Solo se puede pernoctar en alguno de los 23 campamentos oficiales. En todos hay bungalós de diversos tipos y precios y zonas de acampada. Y en los 12 principales, además hay tienda de recuerdos y de alimentación, información, piscina, restaurante, gasolinera, mirador, charca para ver animales y un tablón metálico donde cada uno va marcando con pequeñas fichas imantadas los lugares donde ha visto grandes animales para ayudar a otros viajeros. Imprescindible comprar nada más llegar el mapa oficial del parque para poder moverte por ese laberinto de carreteras y pistas de tierra.
Repartidas por el parque hay zonas de pícnic con baño (marcadas con P en el mapa), que son las únicas en las que uno puede bajarse del coche. Mi consejo es que reserves alojamiento con antelación en el campamento que desees a través de la página oficial de los parques sudafricanos. En ella puedes contratar también game drives en los vehículos abiertos del parque acompañados por un ranger, que siempre sabrá mejor por dónde andan los grandes mamíferos y dónde apostarse para verlos tú, humilde urbanita.
¿Y cuál es la mejor temporada para visitar el Kruger? En realidad, se puede visitar durante todo el año, pero es mejor evitar junio y julio, invierno profundo, cuando hace mucho frío y los animales están más aletargados. El verano, de diciembre a febrero, es más caluroso, con temperaturas máximas que pueden llegar a 35ºC; el paisaje está verde y espectacular, pero eso mismo impide localizar a los animales en la distancia.

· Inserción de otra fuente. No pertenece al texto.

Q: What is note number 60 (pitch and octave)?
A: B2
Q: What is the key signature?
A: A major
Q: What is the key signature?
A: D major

La primavera, que va del 1 de septiembre al 30 de noviembre, o el otoño, del 1 de marzo al 31 de mayo, son las temporadas perfectas de temperatura y visibilidad para un safari.

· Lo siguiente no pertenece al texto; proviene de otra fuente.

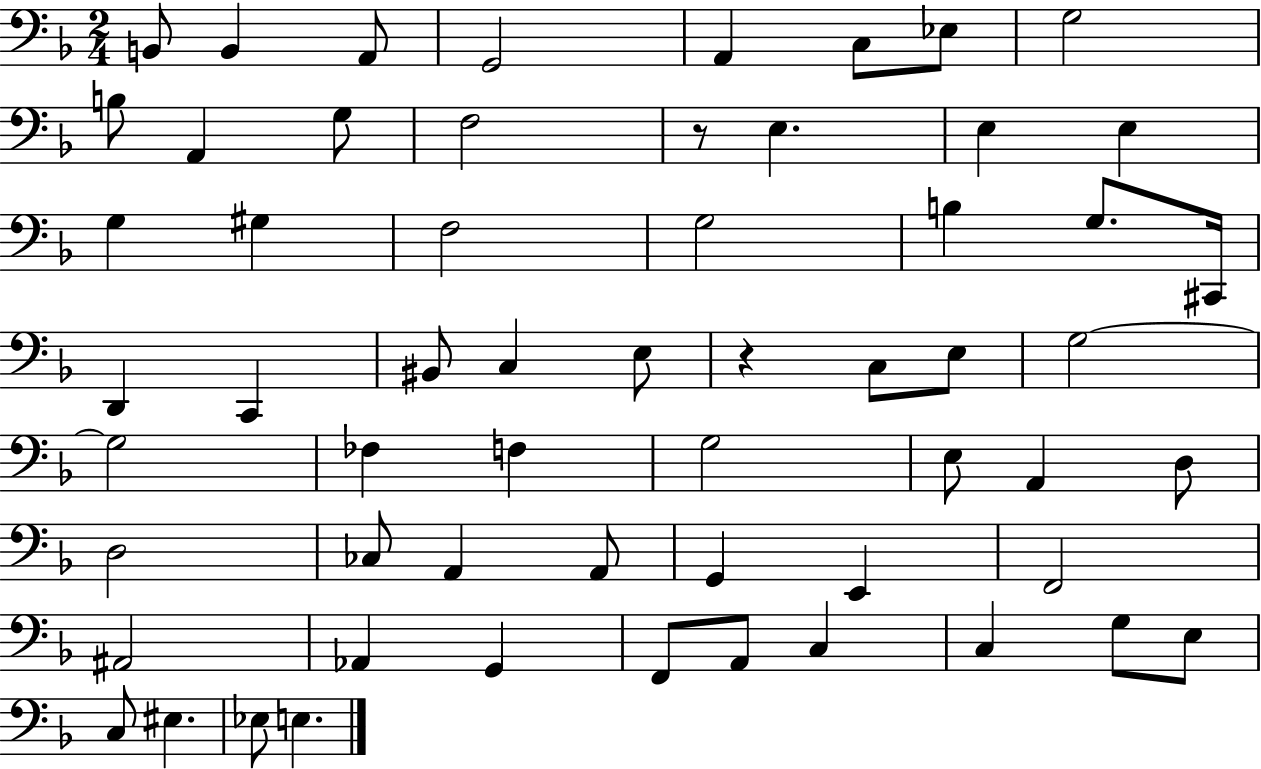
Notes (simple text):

B2/e B2/q A2/e G2/h A2/q C3/e Eb3/e G3/h B3/e A2/q G3/e F3/h R/e E3/q. E3/q E3/q G3/q G#3/q F3/h G3/h B3/q G3/e. C#2/s D2/q C2/q BIS2/e C3/q E3/e R/q C3/e E3/e G3/h G3/h FES3/q F3/q G3/h E3/e A2/q D3/e D3/h CES3/e A2/q A2/e G2/q E2/q F2/h A#2/h Ab2/q G2/q F2/e A2/e C3/q C3/q G3/e E3/e C3/e EIS3/q. Eb3/e E3/q.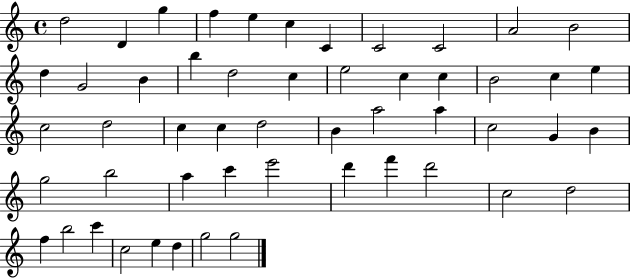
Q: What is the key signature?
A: C major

En cuanto al tiempo necesario, depende de tu interés por la fauna. Yo diría que mínimo tres días y dos noches para poder ver algo. Un consejo es que no trates de hacer largas distancias, no por hacer más kilómetros vas a ver más animales. Es mejor planificar dónde están las charcas y aprovechar los amaneceres y los atardeceres para moverse por algunas zonas concretas en torno al campamento elegido. Una ruta clásica, y que nunca falla para una estancia corta, es la que une los campamentos de Skukuza, Berg-en-Dal, Crocodile Bridge y Lower Sabie, todos en el sector sur. Con eso y con un poco de suerte y buena vista, anotas seguro los Big Five y los mil medianos y menores que habitan en esta especie de arca de Noé que se preservó milagrosamente en la frontera entre Sudáfrica y Mozambique.